◆ **Exercise instructions**
As an exercise in exact copying, transcribe the lines below from the one holding "1985年の創業当時にかかっていた一枚板の看板の前で" through the last, with both ends included and pictures left out.
>>>>
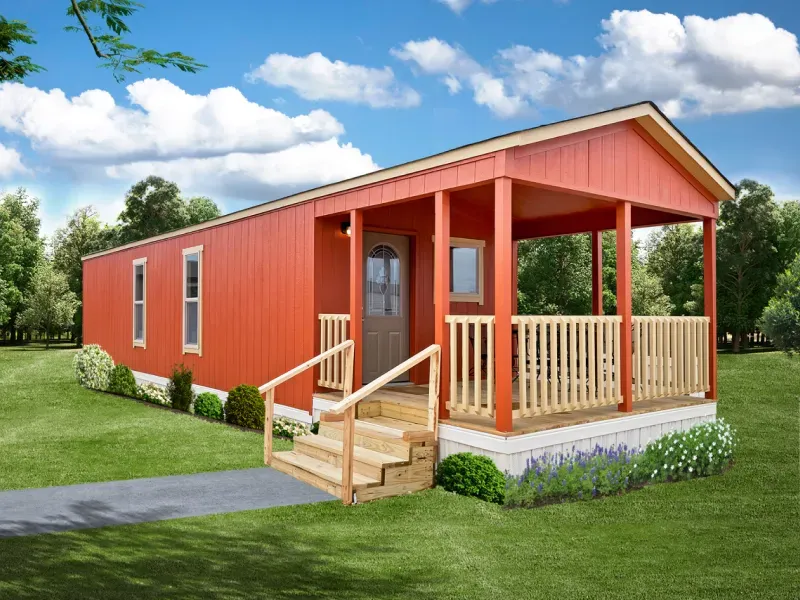 An orange mobile home with a porch and stairs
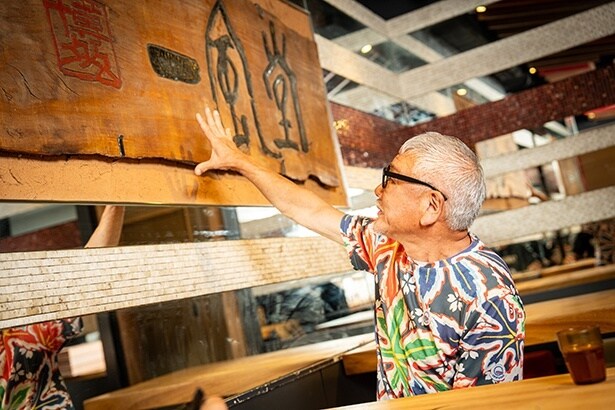 1985年の創業当時にかかっていた一枚板の看板の前で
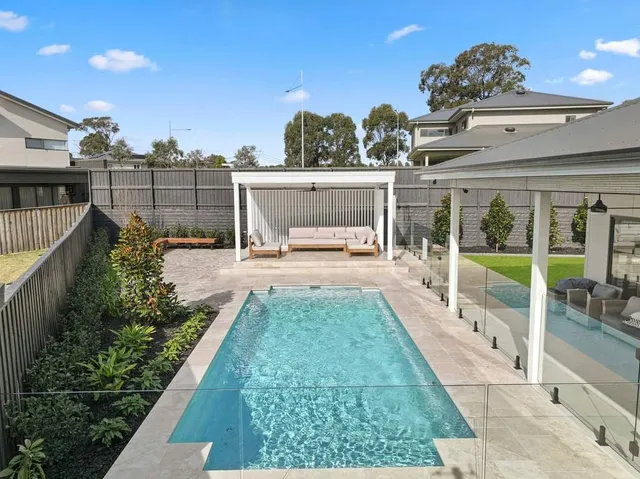Rectangular Swimming Pool in Backyard With Pergola — Newcorp Pools In Moore Creek, NSW
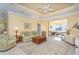 Spacious living room with neutral tones, tray ceiling, and open layout at 278 Crystal River Dr, Englewood, FL 34223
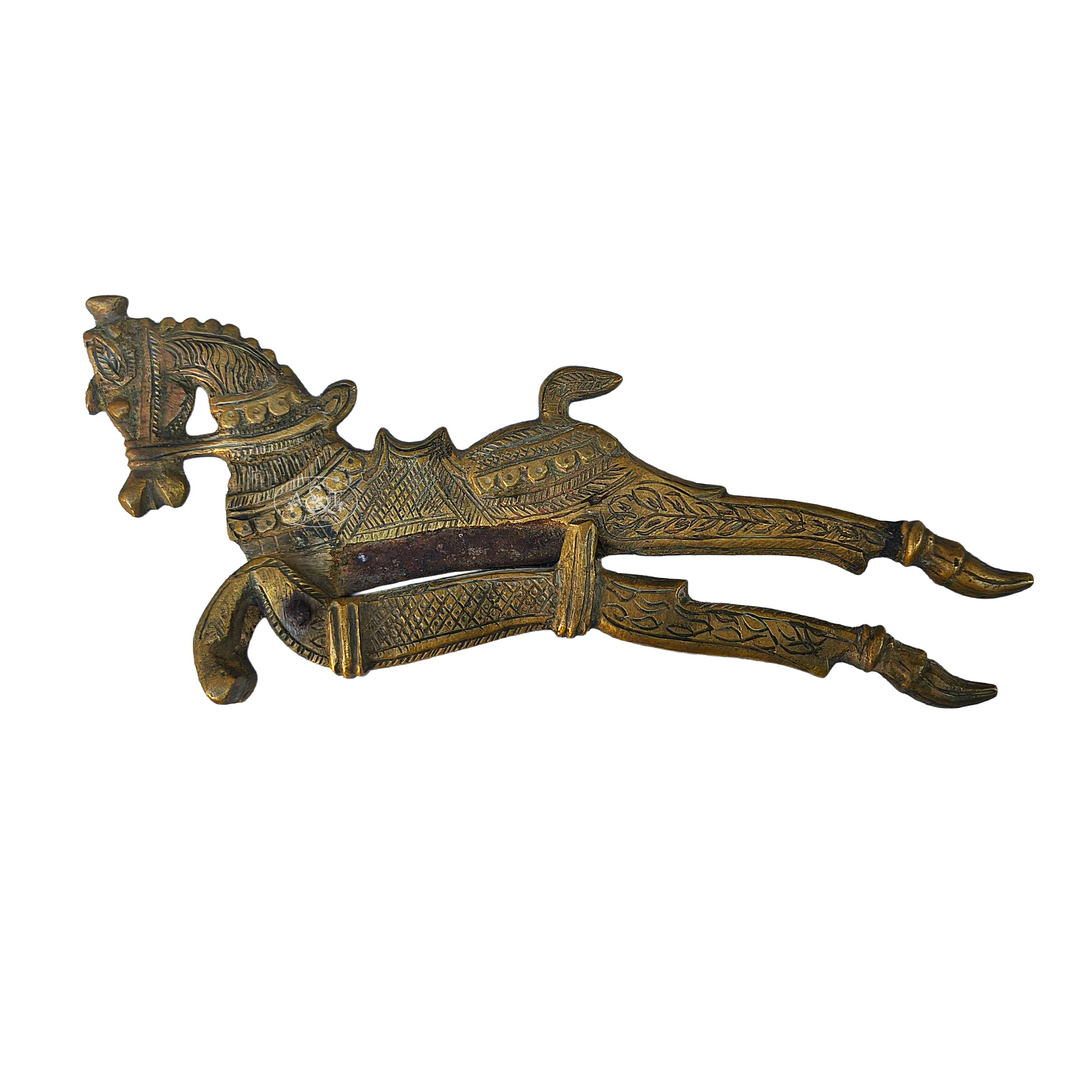 Decorative bronze horse figure on a white background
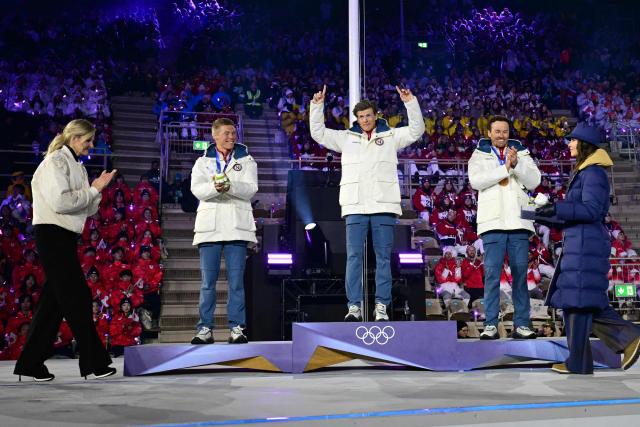 President of the International Olympic Committee (IOC) Kirsty Coventry (L) applauds as (From 2ndL) silver medallist Norway's Martin Loewstroem Nyenget, gold medallist Norway's Johannes Hoesflot Klaebo and bronze medallist Norway's Emil Iversen celebrate on the podium for the men's cross country 50km mass start final event of the Milano Cortina 2026 Winter Olympic Games, within the games' closing ceremony at the Verona Arena in Verona on February 22, 2026. (Photo by Stefano RELLANDINI / AFP)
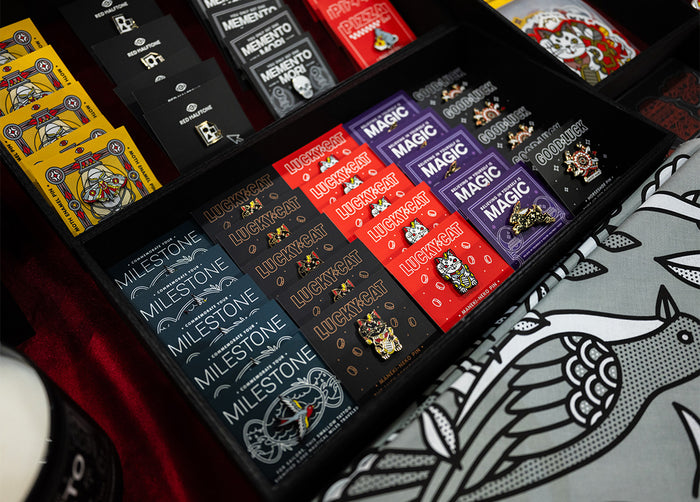 Collection of Red Halftone enamel pins in a display case with various designs.
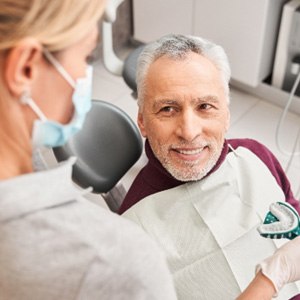 : A patient taking dental impressions for dentures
<<<<
◆ **Written reply**
 1985年の創業当時にかかっていた一枚板の看板の前で
Rectangular Swimming Pool in Backyard With Pergola — Newcorp Pools In Moore Creek, NSW
 Spacious living room with neutral tones, tray ceiling, and open layout at 278 Crystal River Dr, Englewood, FL 34223
 Decorative bronze horse figure on a white background
 President of the International Olympic Committee (IOC) Kirsty Coventry (L) applauds as (From 2ndL) silver medallist Norway's Martin Loewstroem Nyenget, gold medallist Norway's Johannes Hoesflot Klaebo and bronze medallist Norway's Emil Iversen celebrate on the podium for the men's cross country 50km mass start final event of the Milano Cortina 2026 Winter Olympic Games, within the games' closing ceremony at the Verona Arena in Verona on February 22, 2026. (Photo by Stefano RELLANDINI / AFP)
 Collection of Red Halftone enamel pins in a display case with various designs.
 : A patient taking dental impressions for dentures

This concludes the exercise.